* ASSIGNED TASK:
Please copy exactly the part of the records below that opens with the line containing "Concealer Luchtkussen Hydraterende" and closes with the line containing "2016 Ford Fusion Image 15", leaving out any pictures.

* TASK DATA:
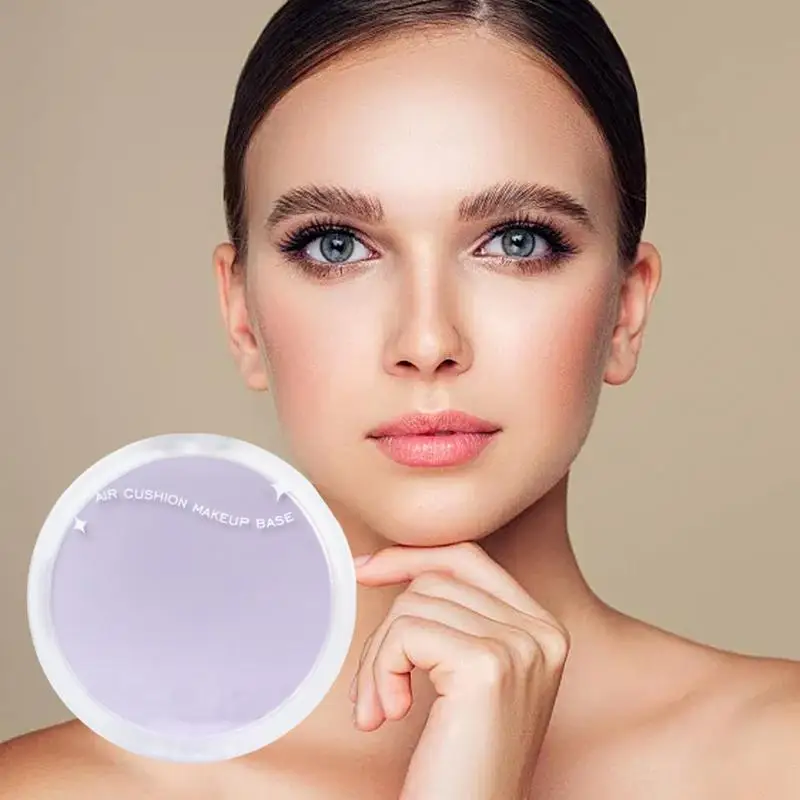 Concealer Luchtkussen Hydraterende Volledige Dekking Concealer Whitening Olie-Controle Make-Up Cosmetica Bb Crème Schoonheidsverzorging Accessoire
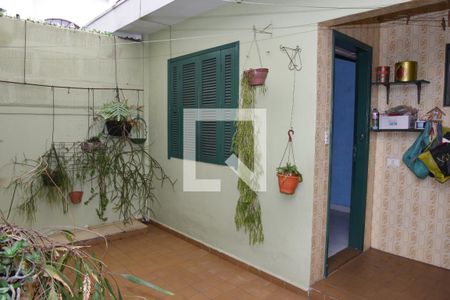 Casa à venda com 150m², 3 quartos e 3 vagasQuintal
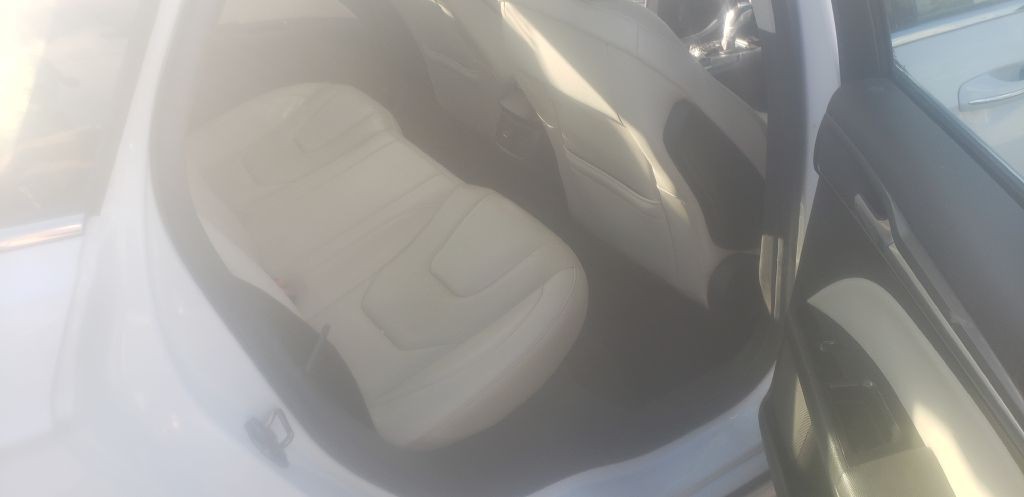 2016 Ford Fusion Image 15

--

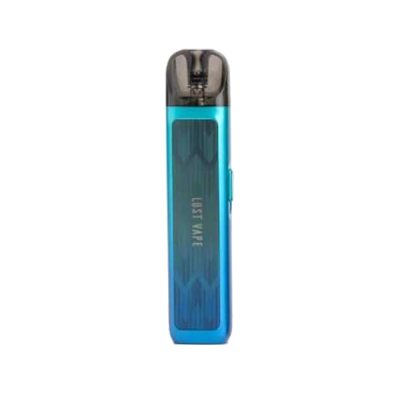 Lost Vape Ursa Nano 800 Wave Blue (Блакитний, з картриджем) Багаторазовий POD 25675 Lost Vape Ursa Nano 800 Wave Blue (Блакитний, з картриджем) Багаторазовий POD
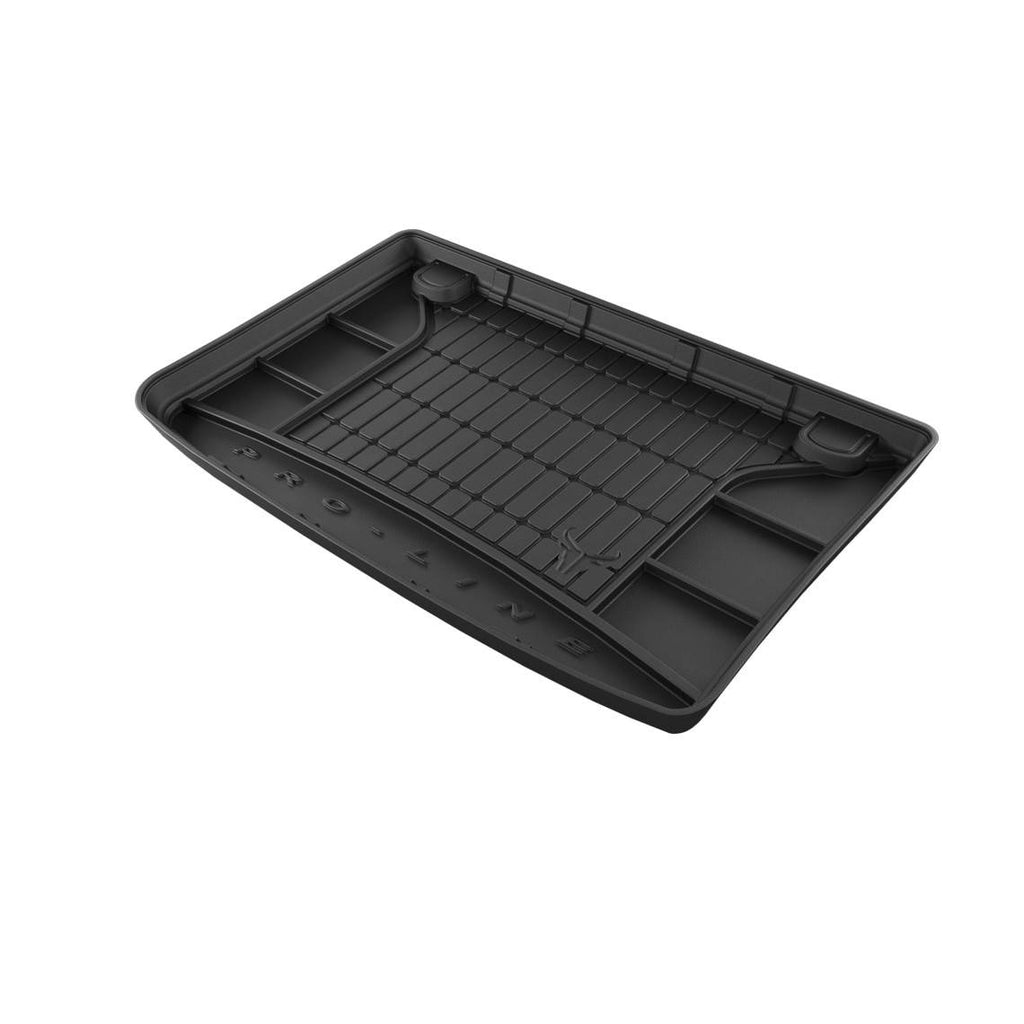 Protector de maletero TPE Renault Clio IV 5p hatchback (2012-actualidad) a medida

* * *

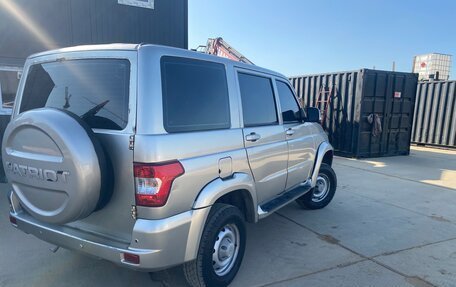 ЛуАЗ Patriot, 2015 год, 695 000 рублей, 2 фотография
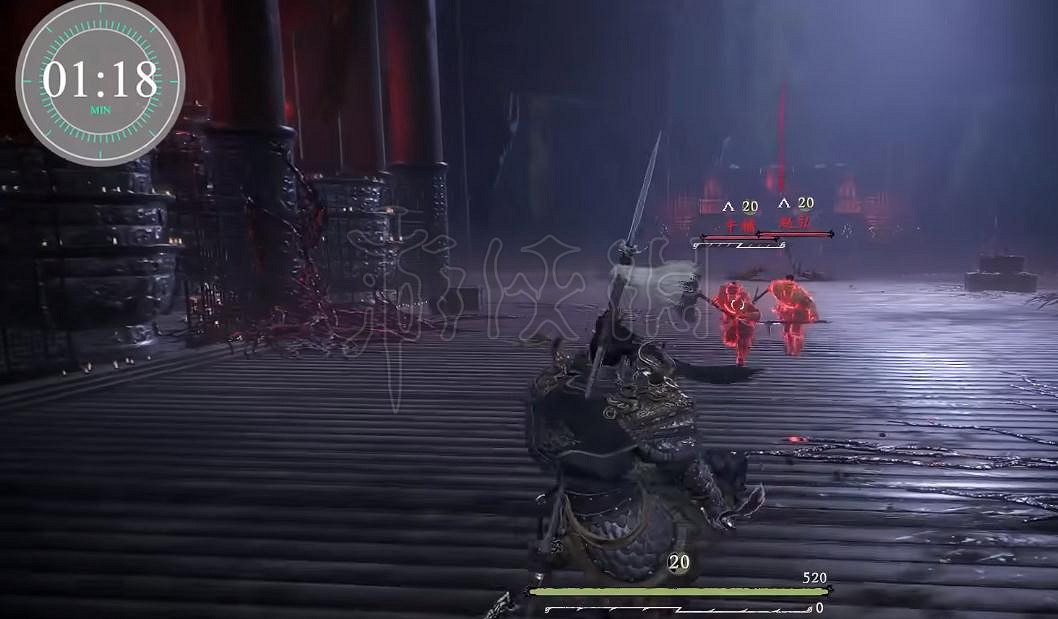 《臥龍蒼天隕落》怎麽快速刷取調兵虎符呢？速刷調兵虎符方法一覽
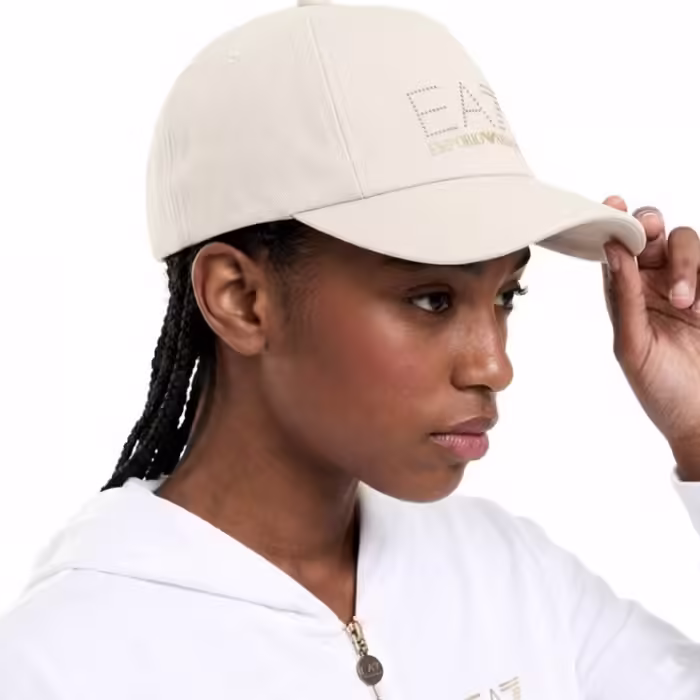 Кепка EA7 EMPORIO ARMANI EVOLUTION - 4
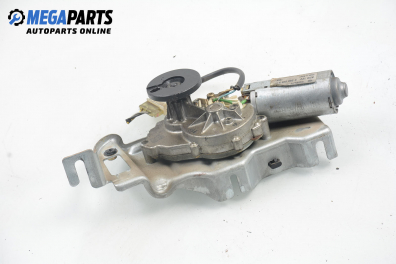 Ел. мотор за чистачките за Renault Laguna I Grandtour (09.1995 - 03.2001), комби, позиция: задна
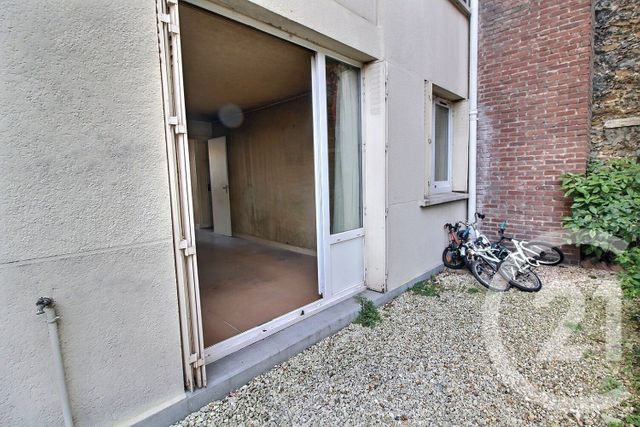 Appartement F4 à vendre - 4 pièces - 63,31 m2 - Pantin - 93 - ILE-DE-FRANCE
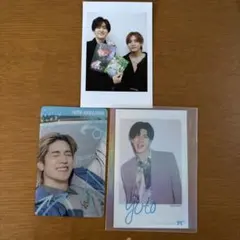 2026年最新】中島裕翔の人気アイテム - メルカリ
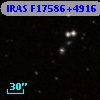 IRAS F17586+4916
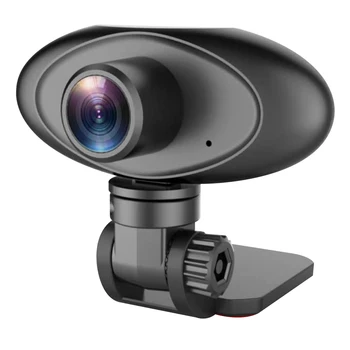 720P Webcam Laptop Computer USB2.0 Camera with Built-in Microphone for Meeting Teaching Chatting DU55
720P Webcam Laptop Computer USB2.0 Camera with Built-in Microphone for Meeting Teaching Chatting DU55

* RESULT FOR THIS TASK:
 Concealer Luchtkussen Hydraterende Volledige Dekking Concealer Whitening Olie-Controle Make-Up Cosmetica Bb Crème Schoonheidsverzorging Accessoire
 Casa à venda com 150m², 3 quartos e 3 vagasQuintal
 2016 Ford Fusion Image 15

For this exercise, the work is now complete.